● **PROBLEM**:
Set down word for word each line from the start of the listing through the line that contains "Men’s ActionHeat Black", both included.

= = = = =

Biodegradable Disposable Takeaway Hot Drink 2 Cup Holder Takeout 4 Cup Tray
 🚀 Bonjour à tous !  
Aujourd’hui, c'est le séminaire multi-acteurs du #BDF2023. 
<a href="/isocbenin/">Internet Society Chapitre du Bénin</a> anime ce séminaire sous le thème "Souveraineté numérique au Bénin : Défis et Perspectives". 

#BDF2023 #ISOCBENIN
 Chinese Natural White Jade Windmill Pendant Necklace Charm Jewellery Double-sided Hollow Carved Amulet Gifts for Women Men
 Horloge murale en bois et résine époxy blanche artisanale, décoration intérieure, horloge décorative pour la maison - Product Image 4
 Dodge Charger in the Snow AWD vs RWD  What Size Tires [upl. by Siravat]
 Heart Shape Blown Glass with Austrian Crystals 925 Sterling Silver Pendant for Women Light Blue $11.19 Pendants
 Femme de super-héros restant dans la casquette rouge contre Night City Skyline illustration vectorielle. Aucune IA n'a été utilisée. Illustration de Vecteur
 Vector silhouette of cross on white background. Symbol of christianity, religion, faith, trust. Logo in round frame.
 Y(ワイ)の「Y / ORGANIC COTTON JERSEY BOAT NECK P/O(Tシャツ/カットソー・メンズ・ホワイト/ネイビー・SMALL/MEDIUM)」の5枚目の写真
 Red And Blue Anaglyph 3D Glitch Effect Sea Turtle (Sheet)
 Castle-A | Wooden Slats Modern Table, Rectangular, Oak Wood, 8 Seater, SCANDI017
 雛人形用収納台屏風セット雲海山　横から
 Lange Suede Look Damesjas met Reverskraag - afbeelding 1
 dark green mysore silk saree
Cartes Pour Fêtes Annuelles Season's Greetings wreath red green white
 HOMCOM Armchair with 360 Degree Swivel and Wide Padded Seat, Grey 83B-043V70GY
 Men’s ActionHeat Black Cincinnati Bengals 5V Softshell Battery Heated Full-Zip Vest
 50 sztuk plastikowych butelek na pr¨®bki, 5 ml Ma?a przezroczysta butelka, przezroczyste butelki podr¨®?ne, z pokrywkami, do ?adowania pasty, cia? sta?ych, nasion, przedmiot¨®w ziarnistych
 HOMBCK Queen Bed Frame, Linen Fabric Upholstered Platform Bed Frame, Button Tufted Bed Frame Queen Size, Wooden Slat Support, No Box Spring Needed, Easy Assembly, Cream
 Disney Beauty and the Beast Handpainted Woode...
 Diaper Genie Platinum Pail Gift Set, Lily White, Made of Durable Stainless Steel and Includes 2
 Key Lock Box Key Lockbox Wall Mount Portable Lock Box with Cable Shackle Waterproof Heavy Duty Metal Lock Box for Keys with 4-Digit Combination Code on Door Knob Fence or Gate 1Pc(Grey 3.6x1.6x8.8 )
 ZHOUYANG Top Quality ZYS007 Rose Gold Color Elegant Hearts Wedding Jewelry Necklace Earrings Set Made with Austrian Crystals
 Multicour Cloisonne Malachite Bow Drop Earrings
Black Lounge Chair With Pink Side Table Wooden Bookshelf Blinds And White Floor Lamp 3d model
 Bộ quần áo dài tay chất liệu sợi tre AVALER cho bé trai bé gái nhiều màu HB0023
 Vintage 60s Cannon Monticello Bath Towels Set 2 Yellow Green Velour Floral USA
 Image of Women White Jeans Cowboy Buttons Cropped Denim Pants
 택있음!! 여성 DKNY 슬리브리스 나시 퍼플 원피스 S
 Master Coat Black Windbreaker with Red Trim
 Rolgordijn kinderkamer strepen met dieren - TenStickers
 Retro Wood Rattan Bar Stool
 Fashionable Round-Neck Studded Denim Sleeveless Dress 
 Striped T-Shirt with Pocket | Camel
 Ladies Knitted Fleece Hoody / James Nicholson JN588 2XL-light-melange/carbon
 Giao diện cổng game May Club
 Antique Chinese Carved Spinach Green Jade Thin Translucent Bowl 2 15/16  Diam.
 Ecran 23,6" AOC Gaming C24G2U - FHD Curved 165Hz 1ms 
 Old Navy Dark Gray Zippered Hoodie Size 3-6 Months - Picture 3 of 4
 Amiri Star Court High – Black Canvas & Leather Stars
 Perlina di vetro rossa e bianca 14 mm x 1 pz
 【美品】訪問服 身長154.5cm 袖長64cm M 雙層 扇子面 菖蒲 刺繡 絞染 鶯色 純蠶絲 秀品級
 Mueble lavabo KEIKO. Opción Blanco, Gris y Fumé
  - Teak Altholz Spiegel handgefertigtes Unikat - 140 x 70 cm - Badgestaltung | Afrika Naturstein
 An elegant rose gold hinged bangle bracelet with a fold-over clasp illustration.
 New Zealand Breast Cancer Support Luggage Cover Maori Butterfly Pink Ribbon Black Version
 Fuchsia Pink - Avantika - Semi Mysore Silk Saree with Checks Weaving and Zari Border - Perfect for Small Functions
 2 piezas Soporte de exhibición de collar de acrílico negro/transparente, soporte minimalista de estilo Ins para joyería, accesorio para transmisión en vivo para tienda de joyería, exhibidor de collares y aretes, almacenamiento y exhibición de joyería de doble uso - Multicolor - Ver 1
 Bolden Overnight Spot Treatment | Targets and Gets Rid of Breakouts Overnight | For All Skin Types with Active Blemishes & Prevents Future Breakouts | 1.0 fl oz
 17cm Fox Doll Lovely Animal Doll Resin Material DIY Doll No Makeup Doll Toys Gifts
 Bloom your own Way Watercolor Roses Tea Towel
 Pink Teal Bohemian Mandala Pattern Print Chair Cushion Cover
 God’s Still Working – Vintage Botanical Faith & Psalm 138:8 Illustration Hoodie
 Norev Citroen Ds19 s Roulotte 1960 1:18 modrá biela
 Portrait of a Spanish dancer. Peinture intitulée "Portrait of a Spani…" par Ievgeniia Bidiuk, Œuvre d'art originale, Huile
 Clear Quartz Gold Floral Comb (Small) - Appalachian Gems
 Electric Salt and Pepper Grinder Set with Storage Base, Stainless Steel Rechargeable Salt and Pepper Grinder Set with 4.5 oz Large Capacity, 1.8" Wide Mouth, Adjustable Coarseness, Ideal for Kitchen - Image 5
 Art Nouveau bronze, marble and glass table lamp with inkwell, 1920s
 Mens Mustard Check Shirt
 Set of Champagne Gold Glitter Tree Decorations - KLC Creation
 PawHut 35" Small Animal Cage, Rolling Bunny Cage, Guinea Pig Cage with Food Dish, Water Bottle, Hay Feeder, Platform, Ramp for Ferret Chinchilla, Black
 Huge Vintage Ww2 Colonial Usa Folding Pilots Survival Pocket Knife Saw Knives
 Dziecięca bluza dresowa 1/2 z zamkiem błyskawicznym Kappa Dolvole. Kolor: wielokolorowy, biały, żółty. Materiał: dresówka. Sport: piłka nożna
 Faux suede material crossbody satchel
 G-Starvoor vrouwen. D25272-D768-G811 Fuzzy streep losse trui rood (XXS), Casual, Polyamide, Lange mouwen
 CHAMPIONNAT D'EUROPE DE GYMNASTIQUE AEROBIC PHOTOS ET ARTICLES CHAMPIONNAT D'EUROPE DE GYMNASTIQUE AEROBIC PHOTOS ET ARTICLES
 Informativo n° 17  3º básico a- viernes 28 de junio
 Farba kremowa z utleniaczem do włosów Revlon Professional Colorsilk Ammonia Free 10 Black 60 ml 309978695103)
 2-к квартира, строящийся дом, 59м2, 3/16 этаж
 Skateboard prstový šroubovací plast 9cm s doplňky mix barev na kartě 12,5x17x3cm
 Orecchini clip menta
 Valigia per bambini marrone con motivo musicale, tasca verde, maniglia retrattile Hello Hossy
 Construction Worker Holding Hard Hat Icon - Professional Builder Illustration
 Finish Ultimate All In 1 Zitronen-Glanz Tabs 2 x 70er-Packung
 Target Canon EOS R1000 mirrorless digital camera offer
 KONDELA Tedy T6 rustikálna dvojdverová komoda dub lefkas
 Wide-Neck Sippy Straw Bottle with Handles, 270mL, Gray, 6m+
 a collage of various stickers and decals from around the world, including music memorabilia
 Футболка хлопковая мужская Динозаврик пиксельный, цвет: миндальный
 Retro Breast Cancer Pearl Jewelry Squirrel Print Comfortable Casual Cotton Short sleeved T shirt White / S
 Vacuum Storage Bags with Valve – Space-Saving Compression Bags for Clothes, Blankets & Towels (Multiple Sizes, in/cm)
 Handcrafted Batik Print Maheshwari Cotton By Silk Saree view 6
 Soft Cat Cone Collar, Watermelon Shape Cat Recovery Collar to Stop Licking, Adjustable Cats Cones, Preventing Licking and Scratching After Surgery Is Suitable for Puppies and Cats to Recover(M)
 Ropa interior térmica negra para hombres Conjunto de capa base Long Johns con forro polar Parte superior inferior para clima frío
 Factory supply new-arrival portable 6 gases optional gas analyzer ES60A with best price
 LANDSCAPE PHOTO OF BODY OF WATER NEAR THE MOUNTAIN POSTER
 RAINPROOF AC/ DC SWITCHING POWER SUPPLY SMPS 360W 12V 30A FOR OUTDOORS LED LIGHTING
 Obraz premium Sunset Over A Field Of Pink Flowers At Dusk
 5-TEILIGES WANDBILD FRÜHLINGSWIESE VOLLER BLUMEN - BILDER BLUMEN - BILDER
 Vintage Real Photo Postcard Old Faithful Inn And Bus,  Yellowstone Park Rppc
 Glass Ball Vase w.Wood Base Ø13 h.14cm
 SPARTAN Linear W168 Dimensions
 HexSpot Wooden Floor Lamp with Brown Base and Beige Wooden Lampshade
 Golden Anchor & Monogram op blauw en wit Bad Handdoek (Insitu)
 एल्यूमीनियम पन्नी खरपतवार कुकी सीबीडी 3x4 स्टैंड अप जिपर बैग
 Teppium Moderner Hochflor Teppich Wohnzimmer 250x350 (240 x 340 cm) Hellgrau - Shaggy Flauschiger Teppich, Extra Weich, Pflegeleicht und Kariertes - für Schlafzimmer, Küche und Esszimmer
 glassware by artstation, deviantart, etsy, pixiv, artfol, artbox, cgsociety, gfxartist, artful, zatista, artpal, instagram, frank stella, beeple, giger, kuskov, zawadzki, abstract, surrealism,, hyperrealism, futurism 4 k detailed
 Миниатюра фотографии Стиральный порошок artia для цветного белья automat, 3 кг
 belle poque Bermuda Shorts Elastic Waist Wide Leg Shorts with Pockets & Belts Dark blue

= = = = =

● **ANSWER SECTION**:
Biodegradable Disposable Takeaway Hot Drink 2 Cup Holder Takeout 4 Cup Tray
 🚀 Bonjour à tous !  
Aujourd’hui, c'est le séminaire multi-acteurs du #BDF2023. 
<a href="/isocbenin/">Internet Society Chapitre du Bénin</a> anime ce séminaire sous le thème "Souveraineté numérique au Bénin : Défis et Perspectives". 

#BDF2023 #ISOCBENIN
 Chinese Natural White Jade Windmill Pendant Necklace Charm Jewellery Double-sided Hollow Carved Amulet Gifts for Women Men
 Horloge murale en bois et résine époxy blanche artisanale, décoration intérieure, horloge décorative pour la maison - Product Image 4
 Dodge Charger in the Snow AWD vs RWD  What Size Tires [upl. by Siravat]
 Heart Shape Blown Glass with Austrian Crystals 925 Sterling Silver Pendant for Women Light Blue $11.19 Pendants
 Femme de super-héros restant dans la casquette rouge contre Night City Skyline illustration vectorielle. Aucune IA n'a été utilisée. Illustration de Vecteur
 Vector silhouette of cross on white background. Symbol of christianity, religion, faith, trust. Logo in round frame.
 Y(ワイ)の「Y / ORGANIC COTTON JERSEY BOAT NECK P/O(Tシャツ/カットソー・メンズ・ホワイト/ネイビー・SMALL/MEDIUM)」の5枚目の写真
 Red And Blue Anaglyph 3D Glitch Effect Sea Turtle (Sheet)
 Castle-A | Wooden Slats Modern Table, Rectangular, Oak Wood, 8 Seater, SCANDI017
 雛人形用収納台屏風セット雲海山　横から
 Lange Suede Look Damesjas met Reverskraag - afbeelding 1
 dark green mysore silk saree
Cartes Pour Fêtes Annuelles Season's Greetings wreath red green white
 HOMCOM Armchair with 360 Degree Swivel and Wide Padded Seat, Grey 83B-043V70GY
 Men’s ActionHeat Black Cincinnati Bengals 5V Softshell Battery Heated Full-Zip Vest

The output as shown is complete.